▶ **Problem to solve**
Once every line below with "which" has been counted, state the total and nothing else.

▶ **Data provided**
--

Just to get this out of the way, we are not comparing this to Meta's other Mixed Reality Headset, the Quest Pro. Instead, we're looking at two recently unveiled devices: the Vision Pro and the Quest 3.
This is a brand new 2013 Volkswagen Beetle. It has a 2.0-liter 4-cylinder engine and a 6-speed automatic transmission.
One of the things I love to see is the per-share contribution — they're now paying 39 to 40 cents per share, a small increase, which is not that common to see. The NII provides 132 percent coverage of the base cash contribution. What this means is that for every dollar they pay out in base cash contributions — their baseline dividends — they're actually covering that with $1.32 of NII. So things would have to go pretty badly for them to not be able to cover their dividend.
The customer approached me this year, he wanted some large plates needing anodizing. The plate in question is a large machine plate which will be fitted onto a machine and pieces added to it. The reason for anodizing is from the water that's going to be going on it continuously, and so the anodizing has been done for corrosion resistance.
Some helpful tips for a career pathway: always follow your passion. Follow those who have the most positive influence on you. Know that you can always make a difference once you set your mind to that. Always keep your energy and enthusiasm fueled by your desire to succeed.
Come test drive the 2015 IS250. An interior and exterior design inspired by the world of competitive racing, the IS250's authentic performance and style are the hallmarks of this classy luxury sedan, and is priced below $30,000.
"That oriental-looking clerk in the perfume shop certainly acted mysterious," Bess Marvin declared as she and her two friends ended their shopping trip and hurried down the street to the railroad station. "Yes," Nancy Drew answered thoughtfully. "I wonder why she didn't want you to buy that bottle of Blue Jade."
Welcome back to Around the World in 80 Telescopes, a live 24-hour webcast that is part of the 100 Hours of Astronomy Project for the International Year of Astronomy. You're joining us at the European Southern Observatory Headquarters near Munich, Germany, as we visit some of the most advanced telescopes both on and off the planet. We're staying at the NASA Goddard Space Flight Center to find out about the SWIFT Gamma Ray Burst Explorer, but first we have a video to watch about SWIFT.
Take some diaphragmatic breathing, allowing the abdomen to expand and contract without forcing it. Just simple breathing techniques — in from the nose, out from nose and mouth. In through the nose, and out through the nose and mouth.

--

▶ **Response box**
2